Rico had tagged her several times with the wooden weapon wrapped around his fist. The spikes on either end were slick with Nymar blood, but the wounds they’d created had already closed. What bothered him even more was Tara’s speed. Despite the fact that her movements were clumsy and poorly timed, she could still get at least three blows in before he could follow through with one. He slashed at her with the weapon’s top spike, catching nothing but air. Swinging that hand back along the same path, he watched her pull her head away before the weapon got anywhere close to her. Rather than try for a third swing, he waited until his knuckles were in position and then snapped his fist straight into her mouth.
That one stung.
Thin black filaments spewed from her lip. No matter how quickly the tendrils moved to repair the damage, they weren’t able to save the fangs that Rico’s powerful jab had just knocked out. Within seconds after reeling from that, she came at him again.

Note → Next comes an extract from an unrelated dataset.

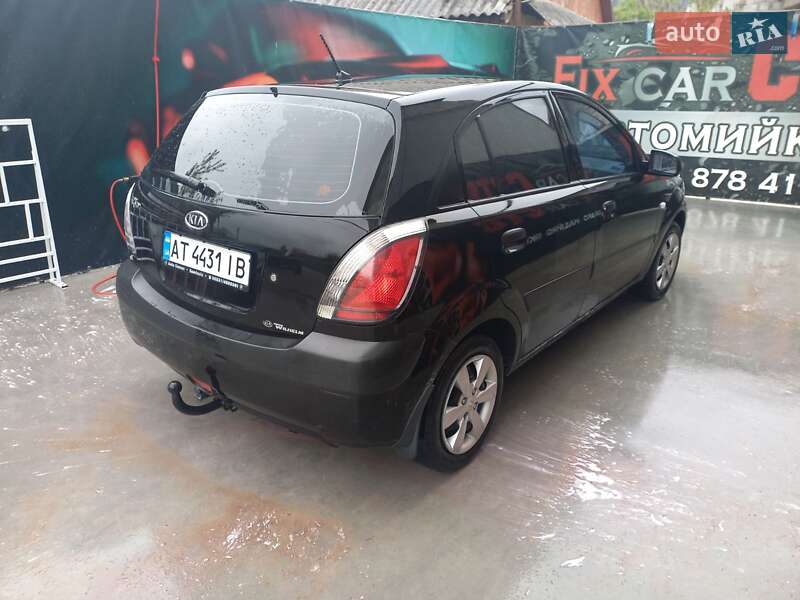 Хэтчбек Kia Rio 2009 в Богородчанах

The .45 had been knocked from his grasp early in the fight. Tara’s initial flurry was so fast and powerful that Rico didn’t know how the gun had been taken from him or where it had gone. He just knew he had to find it again. She’d already buried her remaining fangs into his chest and was frantically drawing whatever blood she could from the meat under his shirt.

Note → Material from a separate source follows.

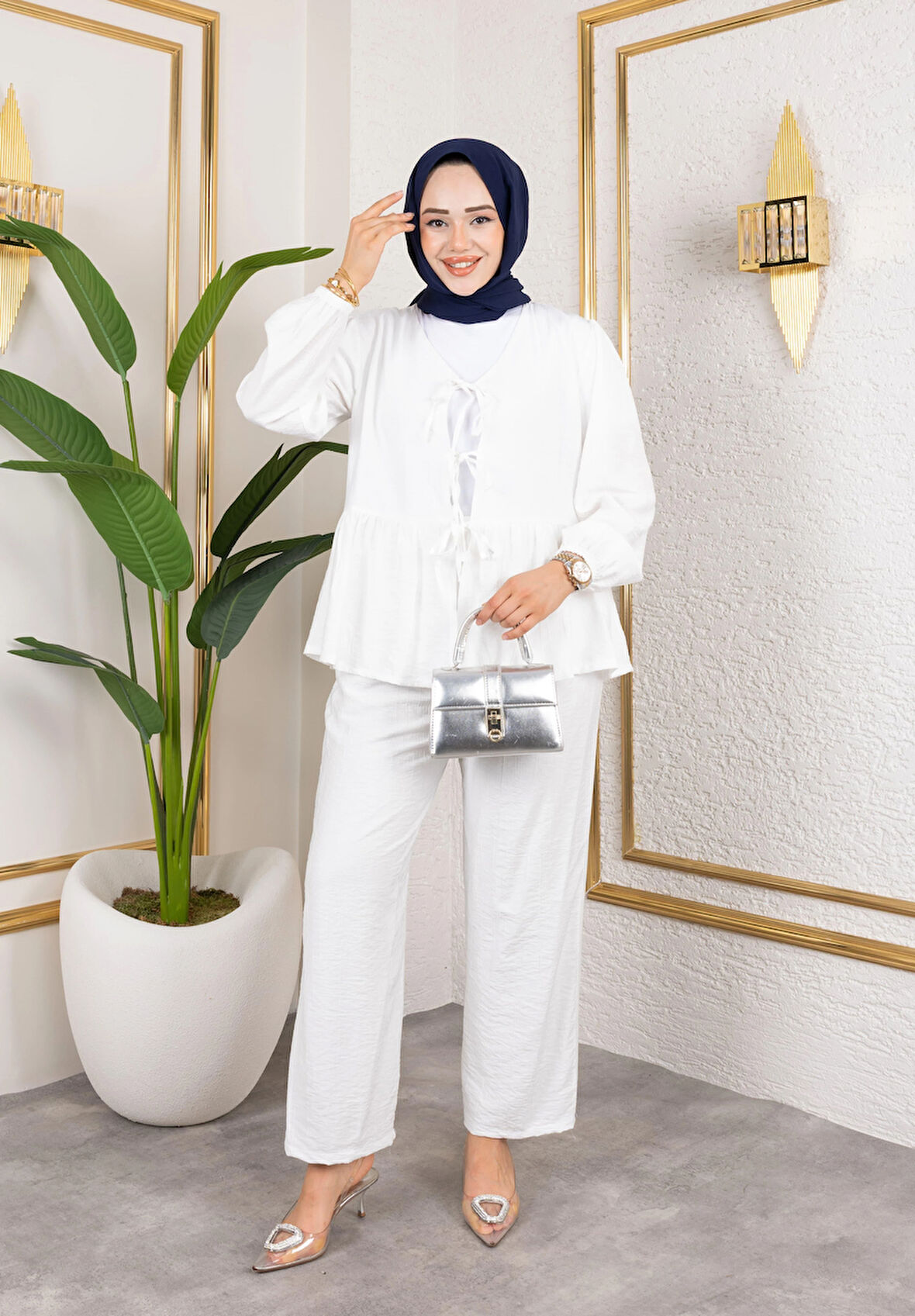 Kadın Bağlamalı Çilek Kumaş Beyaz İkili Takım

He grabbed a handful of her hair and pulled. All that did was convince Tara to wrap her arms around his torso and mash her face against him even harder. From there his only option was to snake an arm between his body and hers, hoping the weapon on that fist tore into her more than it did him. He realized how bad a plan that was when his fist became wedged in place between their two bodies, harmless as a dried flower pressed between the pages of an old book.
“Son of a bitch,” he snarled.
It was the first time he’d ever felt a Nymar’s heartbeat. To the Nymar spore, the human heart was barely more than a piece of hijacked equipment. It squeezed the muscles, manually circulating fluids to speed the process of conversion and churning blood however it saw fit. The older ones even knew how to play it like an instrument to mimic a human rhythm. With just a bit of attention focused in the right direction, he should have been able to pinpoint which side of the heart the spore was on. This time he felt two separate and distinct patterns.